This means more than counting calories. It means bringing your own packed food for every meal you eat, never drinking with friends, resisting temptation at every turn, adhering to an exact workout schedule, tracking everything in speadsheets, etc.
In other words, you have to be weird.
How to Be Weird
When I lived in China, I got used to the idea that I was a sort of outlier – if only because of my skin color and culture. More than any other place I have lived, my differences were clearly marked and I had to fight against the cultural norm (at times) to maintain my own way of life. Because I was doing business with Chinese people, this meant developing certain tactics. Now, I use these to maintain my “weirdness” when doing things like bringing a salad to a restaurant.
1. Explain Your Choices (Correctly)
One of the simplest solutions, yet difficult to master. Try telling a Chinese businessman that “I don’t drink” (for example) and you may have just dug yourself a hole in the relationship that harms your relationship (even his trust in you). On the other hand, if you say “my doctor says I cannot drink” then nobody will fault you for that.
I use this blog as an excuse all the time. Many of my choices may be weird and seem difficult to justify, but if I redirect the explanation by talking about the purpose of “Life by Experimentation” and conducting meaningful self-experiments, the attention gets redirected. Someone who buys every tech gadget they find, for example, is an addict – but someone who writes about them is a reviewer. Similarly, I try weird things (like wearing an EEG to bed), but it is “okay” because I am testing and chronicling them.
2. Hide Your Choices
When you cannot effectively explain your choice (or just don’t want to), you can hide it. In China, my western colleagues and I developed a sophisticated strategy of “fake drinking” (discreetly spitting beer into tea cups and “baijiu” alcohol into water) to avoid becoming excessively drunk. Likewise, you could find a way to put your salad onto a plate at the restaurant.
3. Force Your Choices On Others
Certainly the most boorish solution, but that does not mean it should be discounted. If dinner is at my house, I will cook and entertain – but I will choose foods that fit with the aforementioned experiment. Or, if someone cannot understand why I would choose to undertake such an experiment (like when I taught myself to become ambidextrous) I can simply use my knowledge on the subject material to talk them down.
I don’t mean to say that you should be rude, but rather, remember that your choice to do something unusual is a choice you (hopefully) made with good reason.
What Is Normal?
People will subconsciously try to pull you back to the center of the “social norm” simply to protect their own sense of “what is normal.”
Don’t let them.
“Normal” or “average” is (generally) nothing to strive for.

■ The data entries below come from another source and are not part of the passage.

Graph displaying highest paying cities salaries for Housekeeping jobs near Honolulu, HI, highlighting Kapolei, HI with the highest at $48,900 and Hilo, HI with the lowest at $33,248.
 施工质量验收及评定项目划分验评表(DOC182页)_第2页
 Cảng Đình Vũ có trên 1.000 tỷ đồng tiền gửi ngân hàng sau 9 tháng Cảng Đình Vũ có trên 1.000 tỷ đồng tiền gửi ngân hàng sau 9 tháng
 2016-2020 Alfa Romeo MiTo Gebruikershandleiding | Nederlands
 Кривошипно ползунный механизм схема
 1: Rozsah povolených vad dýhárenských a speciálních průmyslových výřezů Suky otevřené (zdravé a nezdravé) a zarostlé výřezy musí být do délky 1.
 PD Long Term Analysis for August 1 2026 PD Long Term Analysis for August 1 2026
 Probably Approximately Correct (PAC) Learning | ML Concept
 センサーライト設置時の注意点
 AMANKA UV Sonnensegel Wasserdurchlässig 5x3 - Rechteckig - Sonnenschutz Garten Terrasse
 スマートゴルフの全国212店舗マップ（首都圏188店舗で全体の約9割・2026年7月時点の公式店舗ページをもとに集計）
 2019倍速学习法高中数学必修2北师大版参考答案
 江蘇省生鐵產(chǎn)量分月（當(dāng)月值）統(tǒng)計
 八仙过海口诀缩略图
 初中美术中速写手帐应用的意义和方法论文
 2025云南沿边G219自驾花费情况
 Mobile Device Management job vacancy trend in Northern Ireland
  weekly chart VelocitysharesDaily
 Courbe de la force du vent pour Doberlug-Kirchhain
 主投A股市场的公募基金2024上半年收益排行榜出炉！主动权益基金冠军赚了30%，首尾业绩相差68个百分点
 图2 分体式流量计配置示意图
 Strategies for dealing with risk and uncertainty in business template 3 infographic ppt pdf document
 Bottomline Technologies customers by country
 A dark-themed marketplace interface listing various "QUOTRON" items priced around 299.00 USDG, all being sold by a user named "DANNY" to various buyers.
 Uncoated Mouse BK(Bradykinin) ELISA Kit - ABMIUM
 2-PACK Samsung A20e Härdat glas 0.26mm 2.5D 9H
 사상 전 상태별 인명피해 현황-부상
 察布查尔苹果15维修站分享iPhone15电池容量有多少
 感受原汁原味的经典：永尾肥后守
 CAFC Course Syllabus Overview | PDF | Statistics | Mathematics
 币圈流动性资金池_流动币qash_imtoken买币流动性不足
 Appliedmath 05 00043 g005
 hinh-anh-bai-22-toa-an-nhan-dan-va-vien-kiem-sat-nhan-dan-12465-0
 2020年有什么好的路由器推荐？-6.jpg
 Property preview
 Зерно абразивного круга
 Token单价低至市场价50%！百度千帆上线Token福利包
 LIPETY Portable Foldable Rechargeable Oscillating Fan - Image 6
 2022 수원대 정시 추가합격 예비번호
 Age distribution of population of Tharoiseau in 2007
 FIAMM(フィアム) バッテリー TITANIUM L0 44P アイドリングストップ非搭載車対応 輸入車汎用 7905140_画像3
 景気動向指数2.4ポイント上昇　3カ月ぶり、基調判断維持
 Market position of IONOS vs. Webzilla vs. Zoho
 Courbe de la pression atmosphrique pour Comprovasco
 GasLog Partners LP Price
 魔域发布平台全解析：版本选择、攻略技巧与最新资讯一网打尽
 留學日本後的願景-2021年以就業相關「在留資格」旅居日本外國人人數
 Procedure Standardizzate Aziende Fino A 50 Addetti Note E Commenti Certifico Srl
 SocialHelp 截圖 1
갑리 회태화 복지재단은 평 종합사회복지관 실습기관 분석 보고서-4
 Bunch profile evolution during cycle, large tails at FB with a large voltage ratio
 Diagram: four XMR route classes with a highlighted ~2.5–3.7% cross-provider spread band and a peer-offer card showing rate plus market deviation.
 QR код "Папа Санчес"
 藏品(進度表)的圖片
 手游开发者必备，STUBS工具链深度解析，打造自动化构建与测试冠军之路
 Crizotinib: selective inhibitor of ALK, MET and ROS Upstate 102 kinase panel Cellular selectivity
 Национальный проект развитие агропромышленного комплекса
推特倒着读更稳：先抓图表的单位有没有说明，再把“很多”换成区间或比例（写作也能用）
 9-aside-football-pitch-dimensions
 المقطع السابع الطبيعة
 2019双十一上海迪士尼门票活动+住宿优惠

Again, if you have thought through your goals and your reasoning and you believe in what you are trying to do, then don’t let anybody sway you from that course (without good reason). If someone tells me that my dietary habits are dangerous I will certainly listen, but if their complaint is simply that I am not doing what they are doing, it is not a valid complaint at all.
So, what’s your definition of abnormal? Do your friends and family look at you strangely for certain choices you make? How have you dealt with it?